その正体とは主人公、トシロー・カシマの過去の姿であった。
「猛禽の手形が示すは“八咫烏”。真の方角へ導くという伝承があり、俺はそれをなぞった。
害獣を襲い、腐肉を喰らい、死の穢れを祓う……一羽の鴉とならんとな。
―――そう息巻いていた時間が、かつての俺には存在していたのだ」
第二次大戦の終戦後も変わることなく……恋人である 美影と共に、縛血者として放浪し続けたトシロー。

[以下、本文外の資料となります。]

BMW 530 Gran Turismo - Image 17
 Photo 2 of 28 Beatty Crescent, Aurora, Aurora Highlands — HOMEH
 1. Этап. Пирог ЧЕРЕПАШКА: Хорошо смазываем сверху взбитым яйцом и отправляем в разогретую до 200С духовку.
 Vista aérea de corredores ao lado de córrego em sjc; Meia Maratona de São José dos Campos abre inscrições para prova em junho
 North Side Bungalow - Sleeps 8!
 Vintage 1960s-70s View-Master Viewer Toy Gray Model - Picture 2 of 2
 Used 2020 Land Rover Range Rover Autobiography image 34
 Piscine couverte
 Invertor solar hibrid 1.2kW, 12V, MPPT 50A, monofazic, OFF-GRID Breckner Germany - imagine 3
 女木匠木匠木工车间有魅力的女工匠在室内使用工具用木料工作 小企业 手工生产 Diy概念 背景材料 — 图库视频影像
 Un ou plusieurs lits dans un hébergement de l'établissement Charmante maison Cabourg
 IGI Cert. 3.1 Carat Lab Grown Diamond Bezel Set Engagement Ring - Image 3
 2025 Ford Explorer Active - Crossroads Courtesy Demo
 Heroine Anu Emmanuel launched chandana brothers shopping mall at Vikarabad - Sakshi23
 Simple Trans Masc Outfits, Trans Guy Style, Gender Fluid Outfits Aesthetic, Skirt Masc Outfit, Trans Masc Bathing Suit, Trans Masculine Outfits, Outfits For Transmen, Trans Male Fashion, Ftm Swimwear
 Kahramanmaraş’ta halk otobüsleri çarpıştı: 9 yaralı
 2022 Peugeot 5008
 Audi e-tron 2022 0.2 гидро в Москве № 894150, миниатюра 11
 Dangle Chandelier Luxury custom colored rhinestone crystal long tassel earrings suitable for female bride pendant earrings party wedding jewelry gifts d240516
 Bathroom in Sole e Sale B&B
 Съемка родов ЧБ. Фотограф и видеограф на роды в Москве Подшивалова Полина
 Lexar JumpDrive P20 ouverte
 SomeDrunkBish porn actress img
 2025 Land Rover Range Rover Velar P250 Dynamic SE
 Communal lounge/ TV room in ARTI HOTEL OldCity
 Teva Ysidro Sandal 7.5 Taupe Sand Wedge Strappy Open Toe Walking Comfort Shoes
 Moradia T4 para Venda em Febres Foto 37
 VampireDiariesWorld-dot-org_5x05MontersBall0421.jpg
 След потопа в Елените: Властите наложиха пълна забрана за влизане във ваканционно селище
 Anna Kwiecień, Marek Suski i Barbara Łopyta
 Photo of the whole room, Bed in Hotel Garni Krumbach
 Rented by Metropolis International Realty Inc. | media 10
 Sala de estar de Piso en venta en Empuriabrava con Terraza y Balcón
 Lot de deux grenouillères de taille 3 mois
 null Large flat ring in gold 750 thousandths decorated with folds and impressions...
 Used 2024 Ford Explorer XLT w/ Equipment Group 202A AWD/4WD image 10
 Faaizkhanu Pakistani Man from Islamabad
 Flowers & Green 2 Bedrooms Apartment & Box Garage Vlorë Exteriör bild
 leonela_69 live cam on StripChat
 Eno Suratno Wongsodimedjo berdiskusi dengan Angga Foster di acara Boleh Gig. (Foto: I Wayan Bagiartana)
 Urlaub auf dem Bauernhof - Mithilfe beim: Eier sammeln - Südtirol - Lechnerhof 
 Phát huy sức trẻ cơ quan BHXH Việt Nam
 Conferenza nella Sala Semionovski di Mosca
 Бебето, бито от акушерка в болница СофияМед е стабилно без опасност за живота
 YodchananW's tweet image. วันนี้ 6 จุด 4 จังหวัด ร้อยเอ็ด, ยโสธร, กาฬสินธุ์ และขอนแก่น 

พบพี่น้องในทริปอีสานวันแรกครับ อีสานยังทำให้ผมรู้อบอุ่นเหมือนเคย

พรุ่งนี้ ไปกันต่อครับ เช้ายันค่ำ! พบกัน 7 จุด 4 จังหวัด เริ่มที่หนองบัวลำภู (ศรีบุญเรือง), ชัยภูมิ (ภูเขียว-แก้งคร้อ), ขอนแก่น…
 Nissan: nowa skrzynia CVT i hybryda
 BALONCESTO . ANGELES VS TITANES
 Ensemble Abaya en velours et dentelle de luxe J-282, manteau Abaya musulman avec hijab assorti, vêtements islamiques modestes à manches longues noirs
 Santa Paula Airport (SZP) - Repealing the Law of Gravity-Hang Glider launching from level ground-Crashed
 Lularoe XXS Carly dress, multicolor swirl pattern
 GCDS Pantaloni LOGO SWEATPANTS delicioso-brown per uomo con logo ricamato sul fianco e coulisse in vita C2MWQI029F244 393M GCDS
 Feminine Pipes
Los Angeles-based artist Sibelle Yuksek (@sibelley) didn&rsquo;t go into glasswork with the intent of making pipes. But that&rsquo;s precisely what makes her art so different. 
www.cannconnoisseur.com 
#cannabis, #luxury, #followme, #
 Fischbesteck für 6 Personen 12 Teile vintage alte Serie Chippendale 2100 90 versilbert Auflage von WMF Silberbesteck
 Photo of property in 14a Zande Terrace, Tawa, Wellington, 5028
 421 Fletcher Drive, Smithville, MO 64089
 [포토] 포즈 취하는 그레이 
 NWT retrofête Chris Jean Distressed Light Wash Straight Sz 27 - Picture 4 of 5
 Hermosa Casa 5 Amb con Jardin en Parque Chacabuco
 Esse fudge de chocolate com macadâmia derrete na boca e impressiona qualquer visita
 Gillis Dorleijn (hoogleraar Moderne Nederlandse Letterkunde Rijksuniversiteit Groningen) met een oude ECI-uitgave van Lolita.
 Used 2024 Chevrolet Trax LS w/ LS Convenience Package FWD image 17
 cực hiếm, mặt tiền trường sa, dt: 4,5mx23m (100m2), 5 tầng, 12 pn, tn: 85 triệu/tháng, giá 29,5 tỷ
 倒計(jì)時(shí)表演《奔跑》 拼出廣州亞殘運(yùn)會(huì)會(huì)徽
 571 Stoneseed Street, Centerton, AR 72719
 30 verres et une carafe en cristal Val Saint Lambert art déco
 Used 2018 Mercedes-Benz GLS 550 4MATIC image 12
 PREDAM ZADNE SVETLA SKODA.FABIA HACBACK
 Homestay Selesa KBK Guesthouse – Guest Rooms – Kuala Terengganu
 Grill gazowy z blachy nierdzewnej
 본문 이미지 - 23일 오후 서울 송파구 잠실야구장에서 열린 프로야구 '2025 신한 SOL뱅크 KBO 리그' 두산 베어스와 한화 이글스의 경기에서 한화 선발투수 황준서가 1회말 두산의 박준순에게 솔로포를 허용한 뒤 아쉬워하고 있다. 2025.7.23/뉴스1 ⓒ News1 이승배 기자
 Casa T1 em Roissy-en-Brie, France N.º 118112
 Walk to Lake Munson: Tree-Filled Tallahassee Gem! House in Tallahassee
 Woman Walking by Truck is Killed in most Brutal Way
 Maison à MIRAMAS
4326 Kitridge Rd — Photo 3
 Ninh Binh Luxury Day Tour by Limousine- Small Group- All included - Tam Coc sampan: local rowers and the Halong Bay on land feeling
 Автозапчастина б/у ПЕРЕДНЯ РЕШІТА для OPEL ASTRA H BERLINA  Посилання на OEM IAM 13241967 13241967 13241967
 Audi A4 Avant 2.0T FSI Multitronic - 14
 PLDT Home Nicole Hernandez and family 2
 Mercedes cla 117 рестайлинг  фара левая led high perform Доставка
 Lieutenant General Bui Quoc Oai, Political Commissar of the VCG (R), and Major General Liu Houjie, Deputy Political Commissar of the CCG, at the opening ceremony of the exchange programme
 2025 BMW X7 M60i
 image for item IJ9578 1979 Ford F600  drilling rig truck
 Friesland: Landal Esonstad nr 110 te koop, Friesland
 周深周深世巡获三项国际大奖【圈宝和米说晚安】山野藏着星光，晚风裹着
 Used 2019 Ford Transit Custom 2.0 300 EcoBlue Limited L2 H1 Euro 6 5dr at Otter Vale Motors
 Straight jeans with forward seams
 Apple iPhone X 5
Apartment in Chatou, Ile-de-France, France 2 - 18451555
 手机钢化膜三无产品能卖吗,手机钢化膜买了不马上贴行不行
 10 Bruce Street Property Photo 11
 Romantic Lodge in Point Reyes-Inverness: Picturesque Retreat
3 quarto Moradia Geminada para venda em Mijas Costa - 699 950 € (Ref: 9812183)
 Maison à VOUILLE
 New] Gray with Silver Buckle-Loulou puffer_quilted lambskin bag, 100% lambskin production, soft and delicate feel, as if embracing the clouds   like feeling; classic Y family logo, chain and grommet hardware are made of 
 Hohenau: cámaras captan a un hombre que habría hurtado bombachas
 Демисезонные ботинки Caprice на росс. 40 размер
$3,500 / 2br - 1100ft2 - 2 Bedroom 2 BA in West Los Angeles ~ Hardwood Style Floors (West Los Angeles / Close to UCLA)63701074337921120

彼は、熱を持たぬ肉体を抱えながらも、自分と美影は人間であると叫び続け 二人だけの世界を守らんとした。
だが、 自分達を化物として完全否定する白木の杭・クラウスとの邂逅と、それによって齎された美影の死、
そして彼女との死を拒む自身の肉体という 絶望的な現実を前に、 ついにトシローは人間で在ろうとする心を自ら捨てた。
己を含めた縛血者という存在を、彼女に一層苛酷な運命を強いた元凶と信じ込み、その絶滅を誓ったのである。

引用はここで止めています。